| Task brief |
When the line with "Addressing Ethnic Profiling" comes up, set it down and every later line to the end of the data, exactly and without pictures.

Captioned web images
• • • • • • •

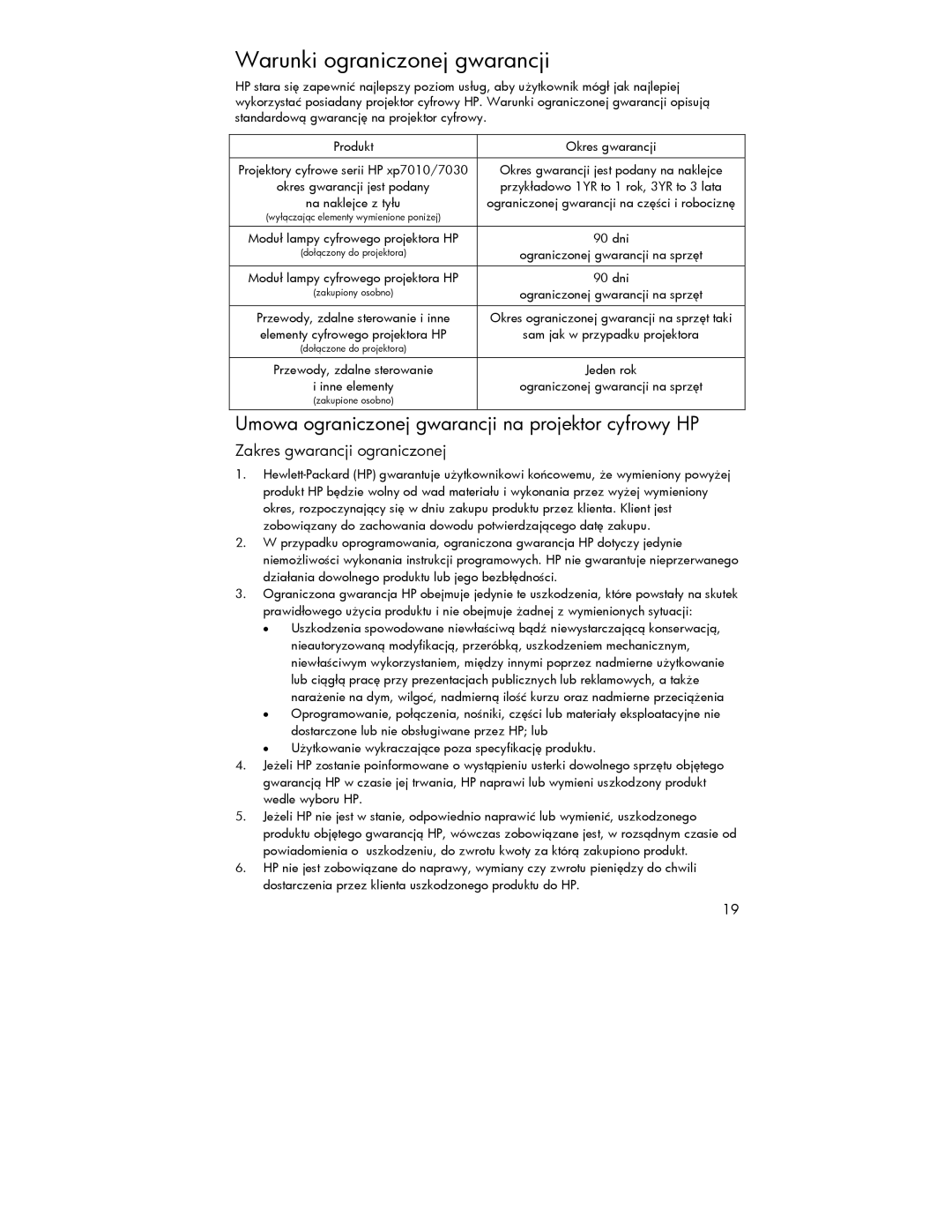 HP xp7000 manual Warunki ograniczonej gwarancji, Umowa ograniczonej gwarancji na projektor cyfrowy HP, 90 dni 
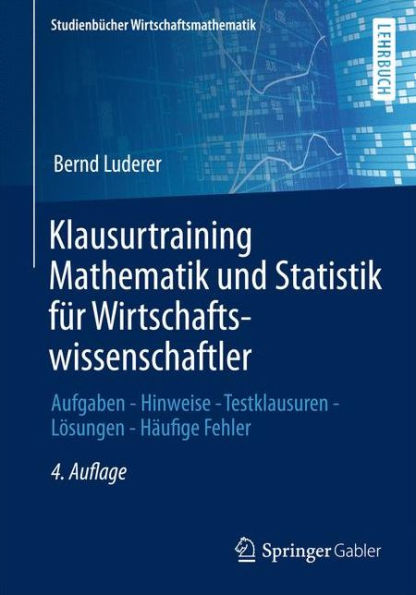 Klausurtraining Mathematik und Statistik fï¿½r Wirtschaftswissenschaftler: Aufgaben - Hinweise - Testklausuren - Lï¿½sungen - Hï¿½ufige Fehler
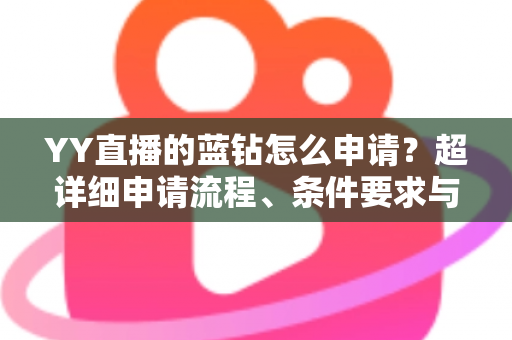 YY直播的蓝钻怎么申请?超详细申请流程、条件要求与避坑指南全解析 YY直播的蓝钻怎么申请?超详细申请流程、条件要求与避坑指南全解析
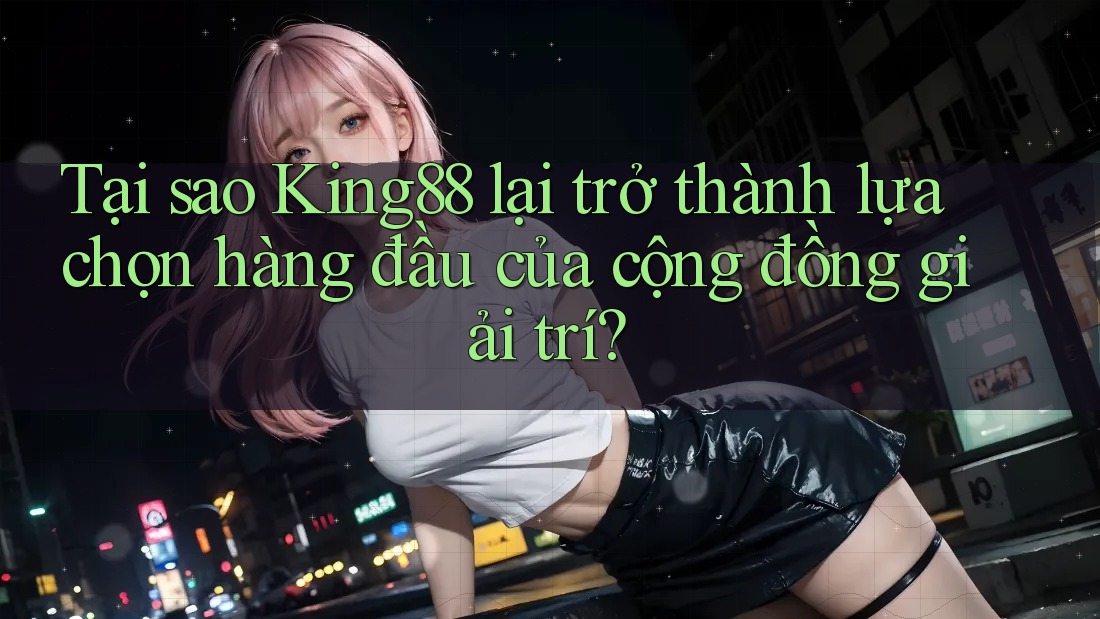 Tại sao King88 lại trở thành lựa chọn hàng đầu của cộng đồng giải trí? Tại sao King88 lại trở thành lựa chọn hàng đầu của cộng đồng giải trí?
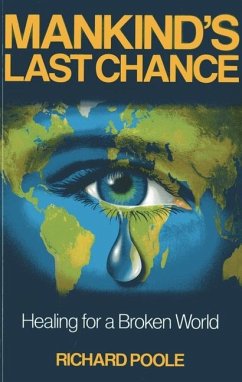Mankind's Last Chance - Poole, Richard
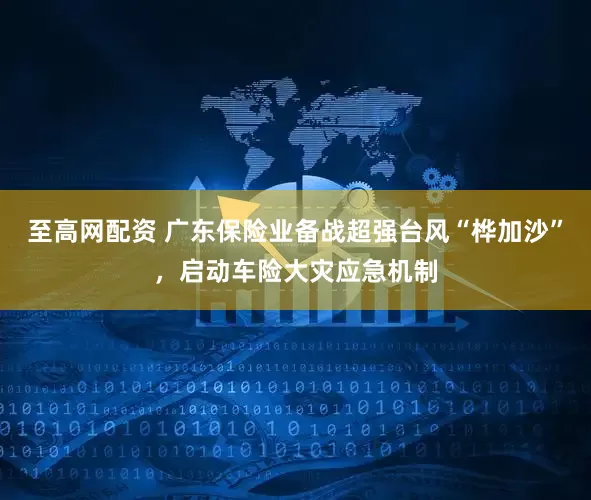 至高网配资 广东保险业备战超强台风“桦加沙”，启动车险大灾应急机制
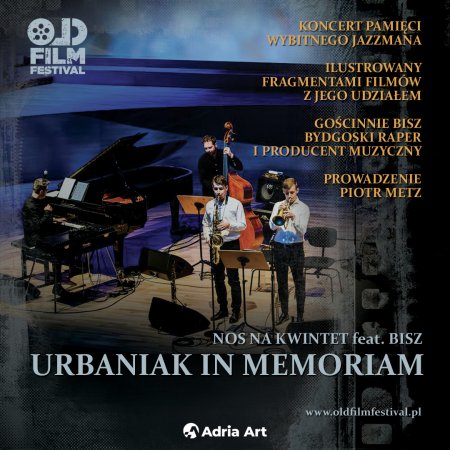 Old Film Festival: Urbaniak in Memoriam - koncert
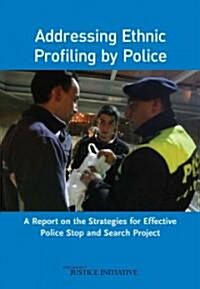 Addressing Ethnic Profiling by Police: A Report on the Strategies for Effective Police Stop and Search Project                                         (Paperback)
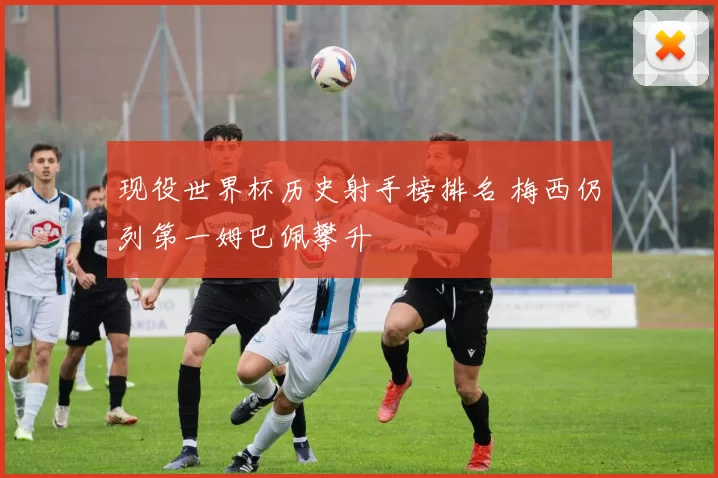 现役世界杯历史射手榜排名 梅西仍列第一姆巴佩攀升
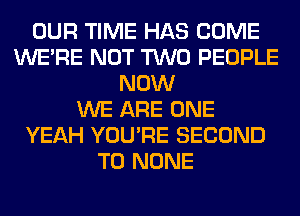 OUR TIME HAS COME
WERE NOT TWO PEOPLE
NOW
WE ARE ONE
YEAH YOU'RE SECOND
T0 NONE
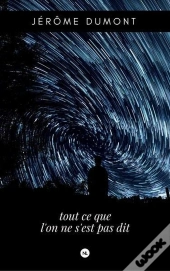 Tout Ce Que L'On Ne S'Est Pas Dit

• • • • • • •

| Answer below |
 Addressing Ethnic Profiling by Police: A Report on the Strategies for Effective Police Stop and Search Project                                         (Paperback)
 现役世界杯历史射手榜排名 梅西仍列第一姆巴佩攀升
 OUR TIME HAS COME
WERE NOT TWO PEOPLE
NOW
WE ARE ONE
YEAH YOU'RE SECOND
T0 NONE
 Tout Ce Que L'On Ne S'Est Pas Dit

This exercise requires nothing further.